> WHAT YOU WILL DO: Would you please restate the data exactly as it stands, apart from the pictures?

> SUPPLIED RECORDS:
====

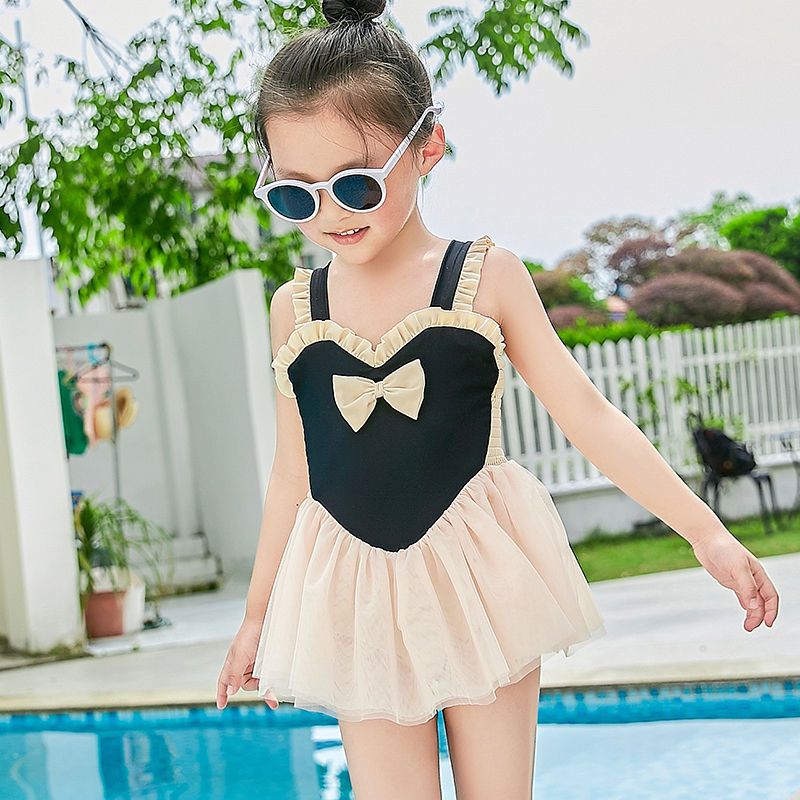女童连体游泳衣2025新款泳装夏季幼儿园宝宝泳衣3到6岁超萌公主风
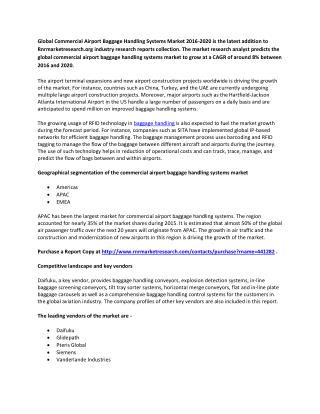 Global Commercial Airport Baggage Handling Systems Market Growth to 2020 Forecasts and Analysis Report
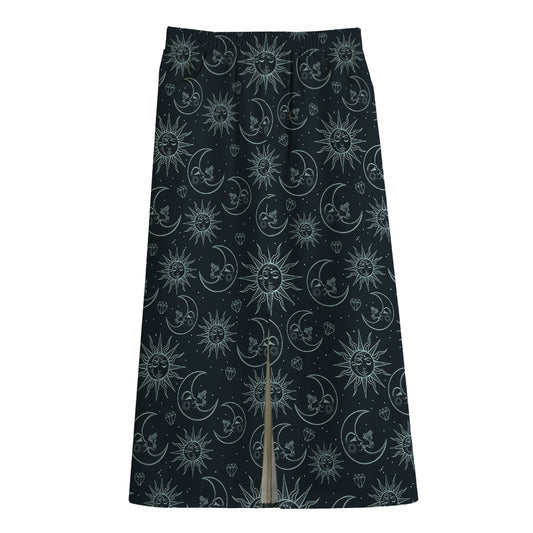 Blue Sun And Moon Pattern Print Cotton Front Slit Maxi Skirt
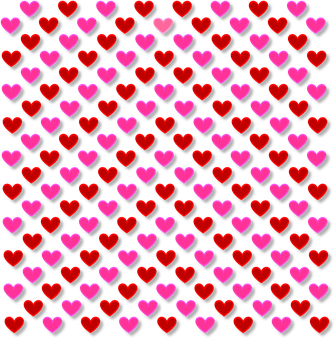 A Pattern Of Hearts On A Black Background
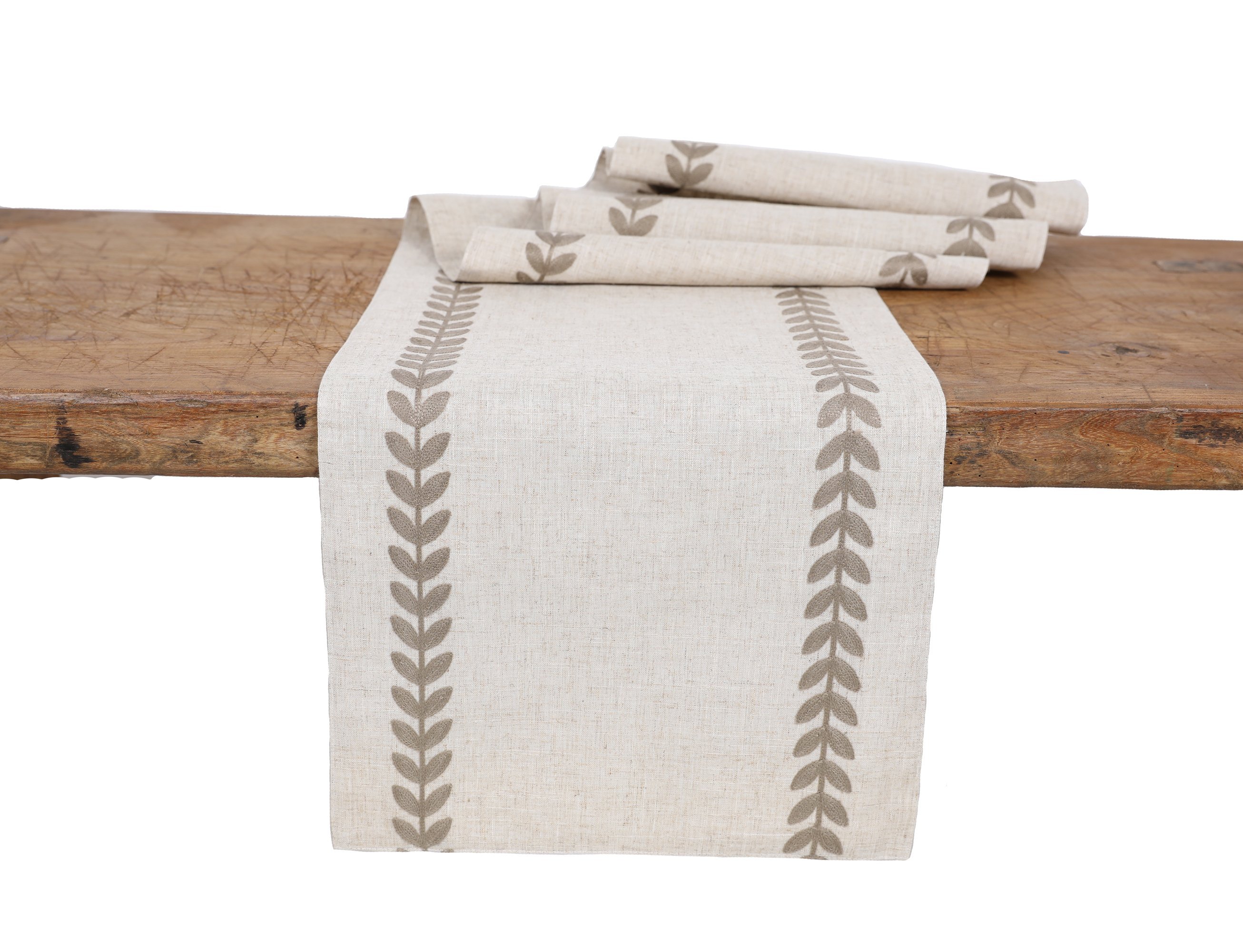 XD19203 Cute Leaves Crewel Embroidered Table Runner featuring elegant leaf designs on a linen fabric.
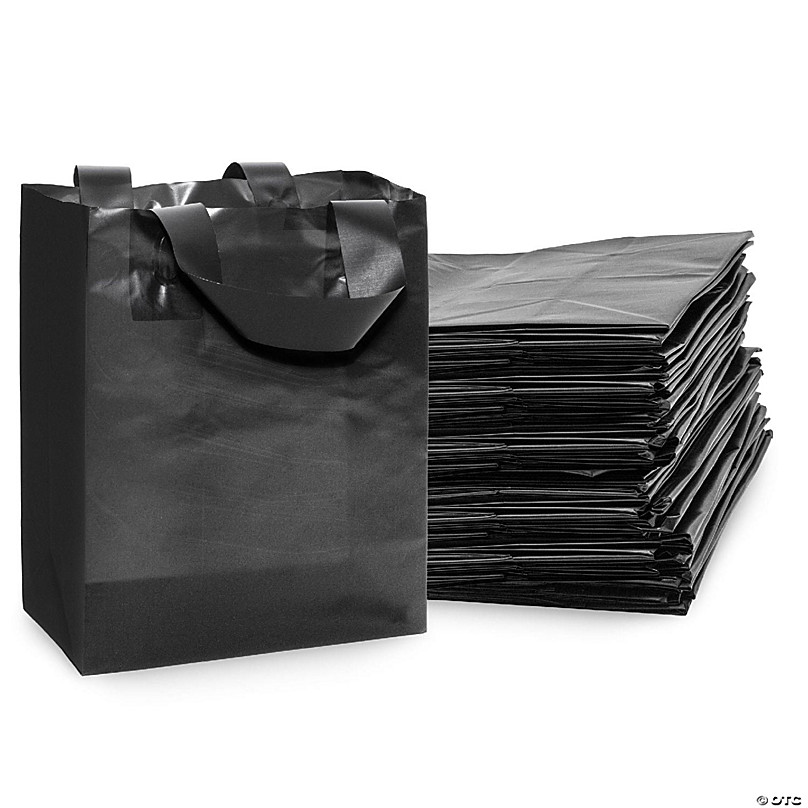 https://s7.orientaltrading.com/is/image/OrientalTrading/FXBanner_808/plastic-bags-with-handles-100-pack-small-frosted-black-plastic-shopping-bags-gusset-and-cardboard-bottom-8x4x10~14247561.jpg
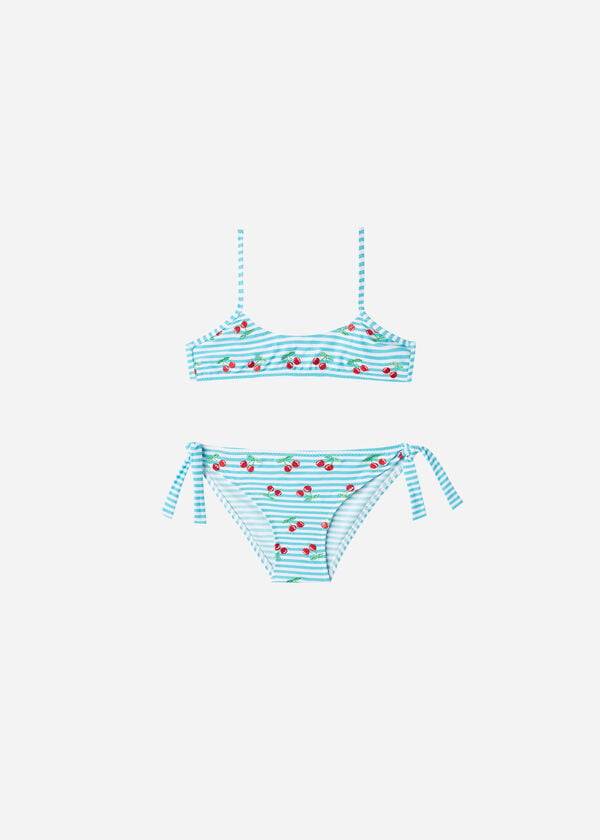 Blue Calzedonia Cherry Two-Piece Ariel Kids\' Swimsuits | USA3037QZ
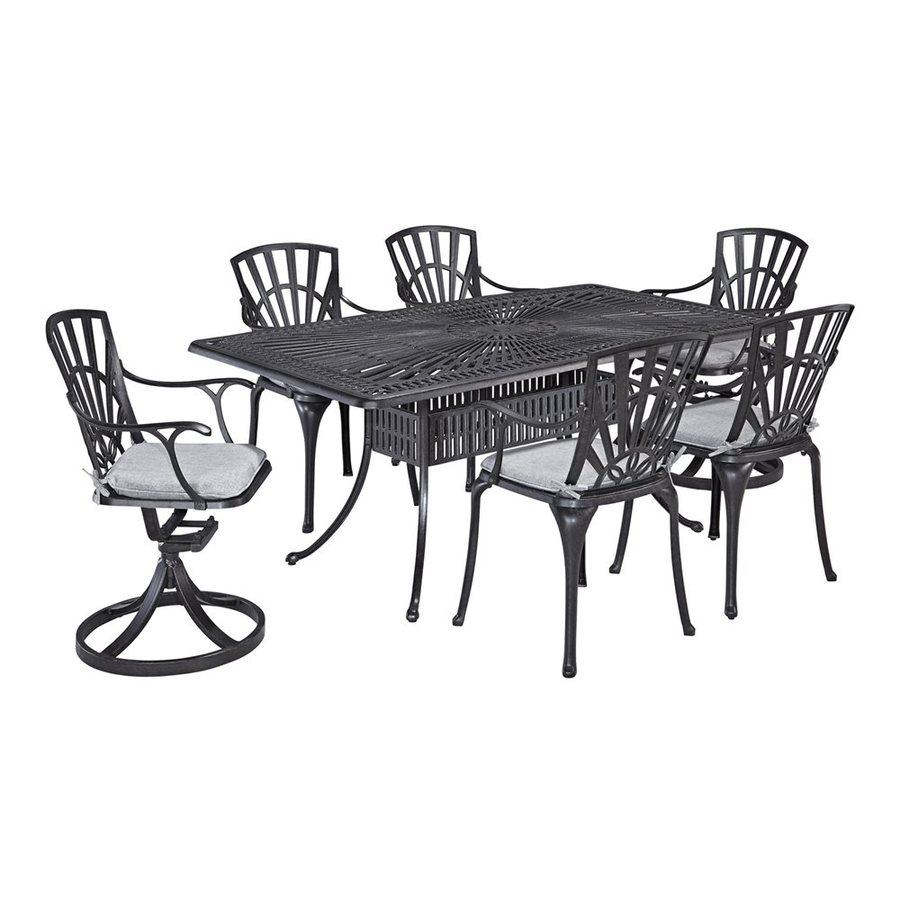 Shop Home Styles Largo 7Piece Charcoal Aluminum Patio Dining Set at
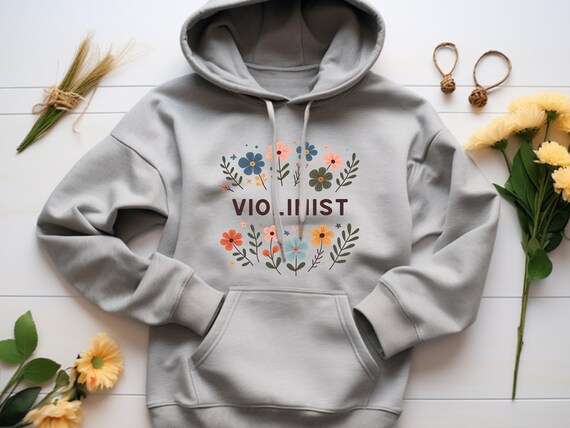 Violin Hoodie. Violinist Gift. Floral Hoodie. Flower Hoodie. Violin Sweatshirt. Music Hoodie. String Player Gift. Orchestra Hoodie #FC881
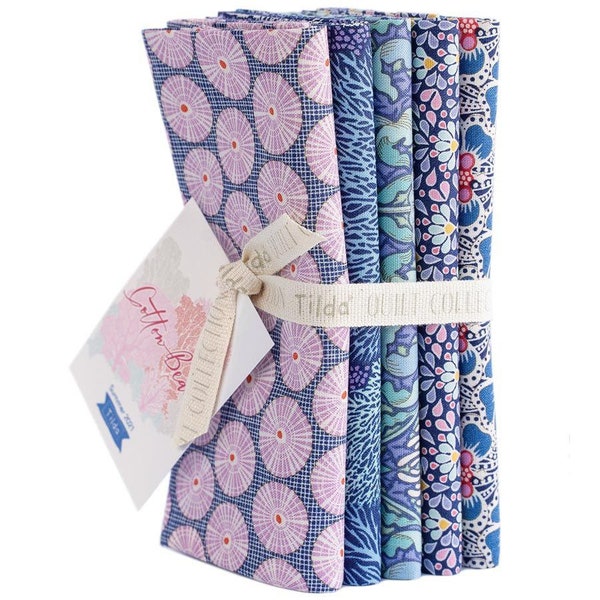 Ensemble Fat Quarter de plage bleu/violet en coton Tilda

====

> SOLUTION TO THIS TASK:
女童连体游泳衣2025新款泳装夏季幼儿园宝宝泳衣3到6岁超萌公主风
 Global Commercial Airport Baggage Handling Systems Market Growth to 2020 Forecasts and Analysis Report
 Blue Sun And Moon Pattern Print Cotton Front Slit Maxi Skirt
 A Pattern Of Hearts On A Black Background
 XD19203 Cute Leaves Crewel Embroidered Table Runner featuring elegant leaf designs on a linen fabric.
 https://s7.orientaltrading.com/is/image/OrientalTrading/FXBanner_808/plastic-bags-with-handles-100-pack-small-frosted-black-plastic-shopping-bags-gusset-and-cardboard-bottom-8x4x10~14247561.jpg
 Blue Calzedonia Cherry Two-Piece Ariel Kids\' Swimsuits | USA3037QZ
 Shop Home Styles Largo 7Piece Charcoal Aluminum Patio Dining Set at
 Violin Hoodie. Violinist Gift. Floral Hoodie. Flower Hoodie. Violin Sweatshirt. Music Hoodie. String Player Gift. Orchestra Hoodie #FC881
 Ensemble Fat Quarter de plage bleu/violet en coton Tilda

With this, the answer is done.